_SOURCE MATERIAL_
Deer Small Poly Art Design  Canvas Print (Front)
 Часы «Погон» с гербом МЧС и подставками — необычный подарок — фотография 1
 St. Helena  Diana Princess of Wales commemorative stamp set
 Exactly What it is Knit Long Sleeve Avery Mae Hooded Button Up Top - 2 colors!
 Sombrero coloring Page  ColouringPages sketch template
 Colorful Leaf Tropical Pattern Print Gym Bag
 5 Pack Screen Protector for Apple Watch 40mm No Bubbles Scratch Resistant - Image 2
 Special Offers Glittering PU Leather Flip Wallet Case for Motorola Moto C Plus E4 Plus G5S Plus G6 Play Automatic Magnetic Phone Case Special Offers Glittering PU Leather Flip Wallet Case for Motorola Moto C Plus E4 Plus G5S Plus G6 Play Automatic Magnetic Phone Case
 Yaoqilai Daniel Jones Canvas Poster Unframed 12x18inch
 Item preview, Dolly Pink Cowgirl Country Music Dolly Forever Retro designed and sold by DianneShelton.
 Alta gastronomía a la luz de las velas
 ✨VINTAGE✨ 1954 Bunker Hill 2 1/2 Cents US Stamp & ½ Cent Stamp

_TASK STATEMENT_
Above are the records; restate each one exactly.

_TASK RESULT_
Deer Small Poly Art Design  Canvas Print (Front)
 Часы «Погон» с гербом МЧС и подставками — необычный подарок — фотография 1
 St. Helena  Diana Princess of Wales commemorative stamp set
 Exactly What it is Knit Long Sleeve Avery Mae Hooded Button Up Top - 2 colors!
 Sombrero coloring Page  ColouringPages sketch template
 Colorful Leaf Tropical Pattern Print Gym Bag
 5 Pack Screen Protector for Apple Watch 40mm No Bubbles Scratch Resistant - Image 2
 Special Offers Glittering PU Leather Flip Wallet Case for Motorola Moto C Plus E4 Plus G5S Plus G6 Play Automatic Magnetic Phone Case Special Offers Glittering PU Leather Flip Wallet Case for Motorola Moto C Plus E4 Plus G5S Plus G6 Play Automatic Magnetic Phone Case
 Yaoqilai Daniel Jones Canvas Poster Unframed 12x18inch
 Item preview, Dolly Pink Cowgirl Country Music Dolly Forever Retro designed and sold by DianneShelton.
 Alta gastronomía a la luz de las velas
 ✨VINTAGE✨ 1954 Bunker Hill 2 1/2 Cents US Stamp & ½ Cent Stamp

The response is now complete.